Now that I’m halfway through the winter semester, I thought a reflection on my Christmas study break was long overdue.
In my last blog, I set out to do as much self-study as possible while finding balance with holiday festivities and two young daughters.
And after four weeks of…
- several Santa Clause sightings
- family gatherings
- kindergarten events
- a snowy visit to the zoo
- 18 hours of online courses
…this was certainly the most studying I’ve ever achieved over a Christmas break. Also, if I was still counting steps on my wearable tracker, I would have registered a heck of a lot of steps from the festivities.
The courses I chose to spend a lovely eighteen hours with gave me exposure to tools and methodologies in Hadoop and R. As someone who learns best by repetition and practice, this was a great way to set my future self up for success.
I will highlight two courses that left lasting impressions on me so far. I often applied their concepts during the past six weeks as I continue to delve into data science.
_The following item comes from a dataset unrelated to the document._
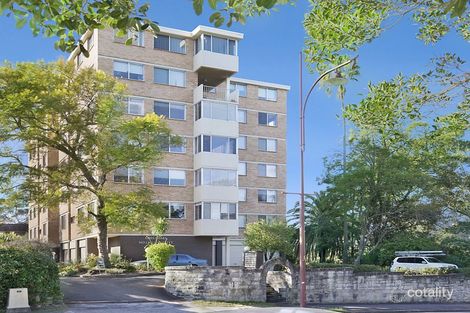 9/1 Mann St, Gosford, NSW 2250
I recommend you try them out too.
[Lynda.com]: R Statistics Essential Training Instructor: Barton Poulson
Organizing this course by topics like “Charting and Analysis of One or Multiple Variables” and “Regression and Multiple Regressions” turned out to be more helpful now than I thought at the time.
It helped me establish a good habit of, early on, framing the data question by these parameters. Immediately after presented with a question or problem, I ask myself:
- What end result am I looking for? Is it a chart, an acceptance/rejection of a hypothesis, or a projection?
- How many variables do I have to work with?
The answer to these questions easily guided me to specific R functions I should look to use.
I knew there were many parameters for graphing functions; however, it was something else to see all of them being demonstrated. Below is one example of some customization that can be done with a box plot. I’ll definitely remember to revisit the provided R exercise files when building any visuals in the future.
Shortcuts, Shortcuts, Shortcuts!
Not coding in a console window is another habit that’s been so invaluable to me.
To have script readily available to execute in a source window has been so useful, especially with these keyboard shortcuts (*RStudio):
Ctrl+Enter : Run selected line(s) Ctrl+Shift+P : Run previously run line(s) Ctrl+Shift+C : Comment out/in Ctrl+L : Clear console
Another Slick Tip
If you format a block of code (like the boxplot function below) with each parameter on a new line preceded by a comma, and each closing bracket on its own line, you enable simple experimentation with function parameters or control statements.
You run the entire block each time, simply commenting in/out lines as desired and you’ll quickly see the result.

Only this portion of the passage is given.